▶ [Task goal]:
Leave out the pictures and reproduce all of the data exactly.

Image-text web data:
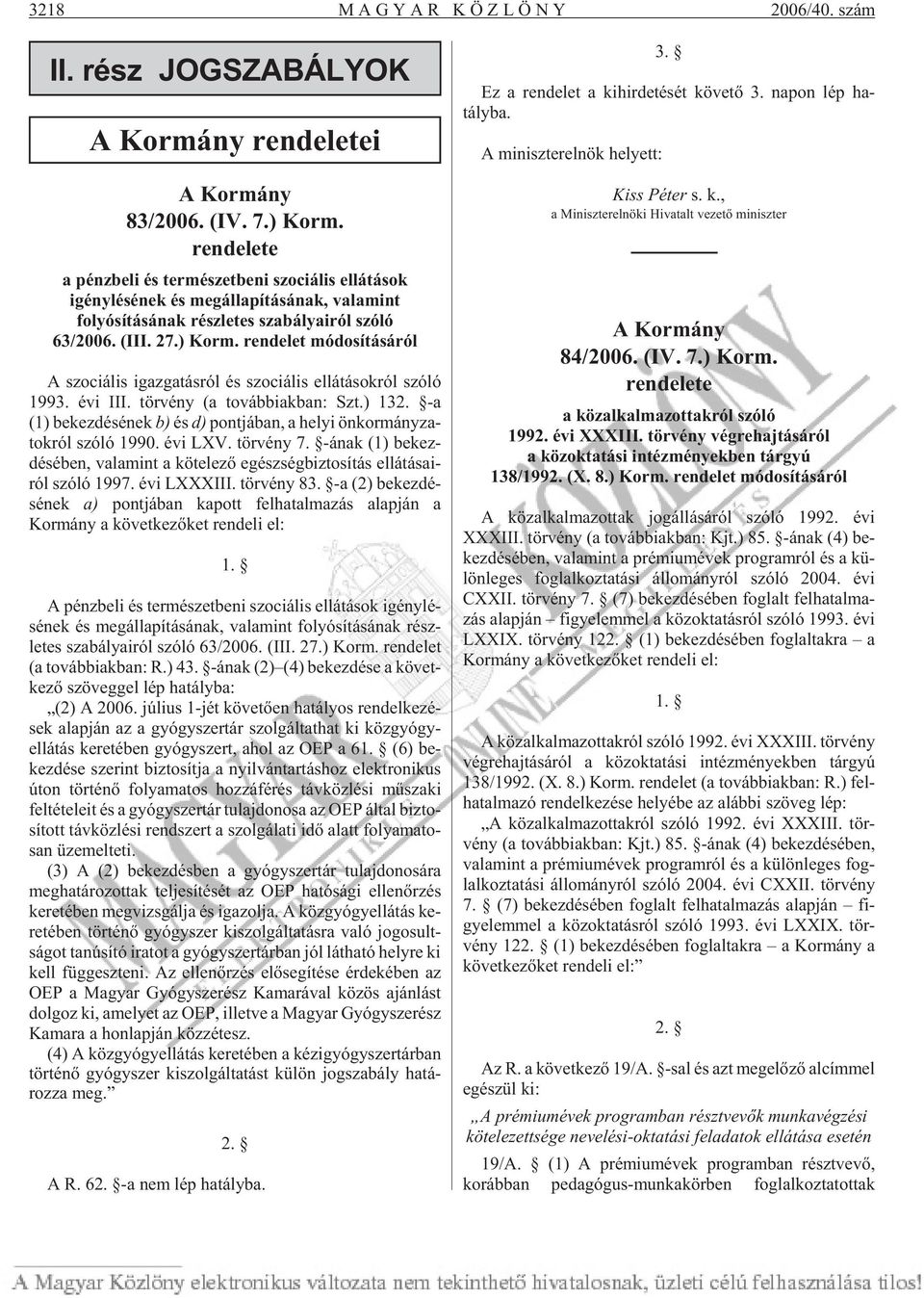 rendelet módosításáról A szo ciá lis igaz ga tás ról és szo ciá lis el lá tá sok ról szóló 1993. évi III. tör vé ny (a továb biak ban: Szt.) 132.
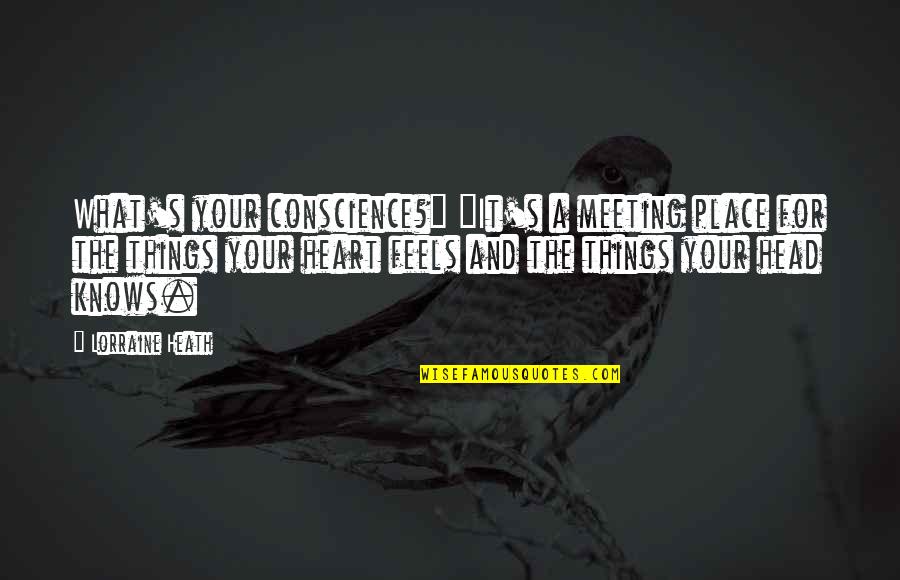 Your Head And Your Heart Quotes By Lorraine Heath: What's your conscience?" "It's a meeting place for Your Head And Your Heart Quotes By Lorraine Heath: What's your conscience?" "It's a meeting place for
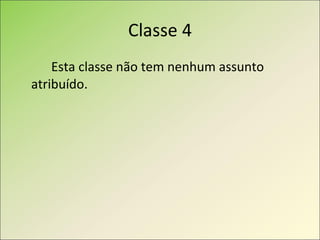 Classe 4 Esta classe não tem nenhum assunto atribuído.  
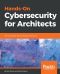 Hands-on Cybersecurity for Architects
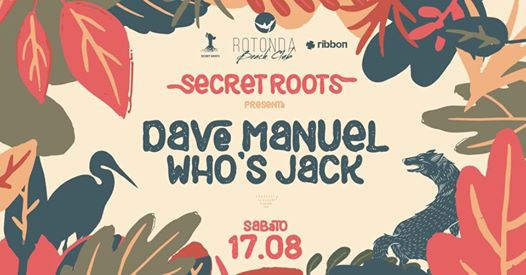 Secret Roots w/ Dave Manuel, Who’s Jack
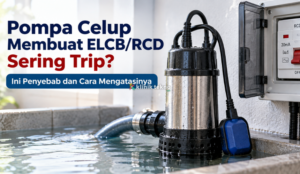 Pompa Celup Membuat ELCB/RCD Sering Trip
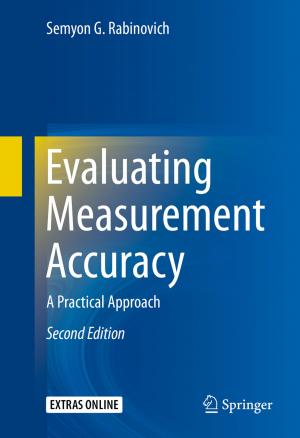 Cover of the book Evaluating Measurement Accuracy by Johan Liu, Olli Salmela, Jussi Sarkka, James E. Morris, Per-Erik Tegehall, Cristina Andersson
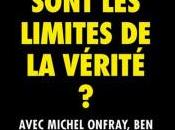 Fondation doute Blois Décembre 2015 Quelles sont limites vérité avec Michel ONFRAY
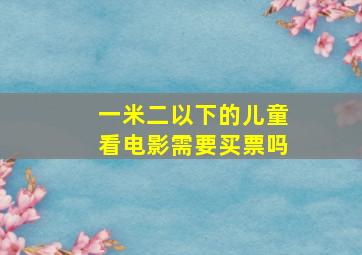 一米二以下的儿童看电影需要买票吗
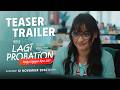 LAGI PROBATION - TEASER TRAILER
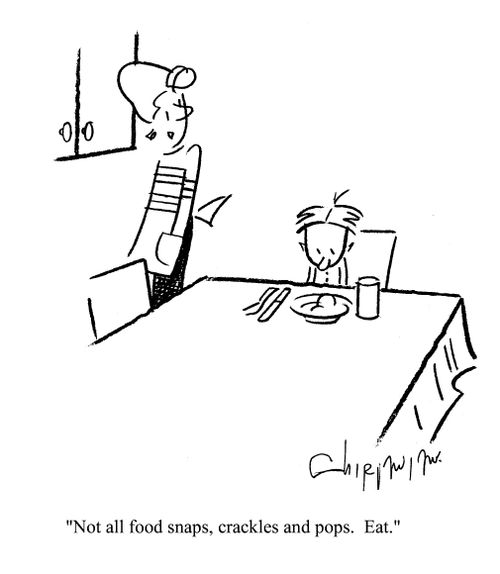 'Not all food snaps, crackles and pops. Eat.'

▶ [Written reply]:
 rendelet módosításáról A szo ciá lis igaz ga tás ról és szo ciá lis el lá tá sok ról szóló 1993. évi III. tör vé ny (a továb biak ban: Szt.) 132.
 Your Head And Your Heart Quotes By Lorraine Heath: What's your conscience?" "It's a meeting place for Your Head And Your Heart Quotes By Lorraine Heath: What's your conscience?" "It's a meeting place for
 Classe 4 Esta classe não tem nenhum assunto atribuído.  
 Hands-on Cybersecurity for Architects
 Secret Roots w/ Dave Manuel, Who’s Jack
 Pompa Celup Membuat ELCB/RCD Sering Trip
 Cover of the book Evaluating Measurement Accuracy by Johan Liu, Olli Salmela, Jussi Sarkka, James E. Morris, Per-Erik Tegehall, Cristina Andersson
 Fondation doute Blois Décembre 2015 Quelles sont limites vérité avec Michel ONFRAY
 一米二以下的儿童看电影需要买票吗
 LAGI PROBATION - TEASER TRAILER
 'Not all food snaps, crackles and pops. Eat.'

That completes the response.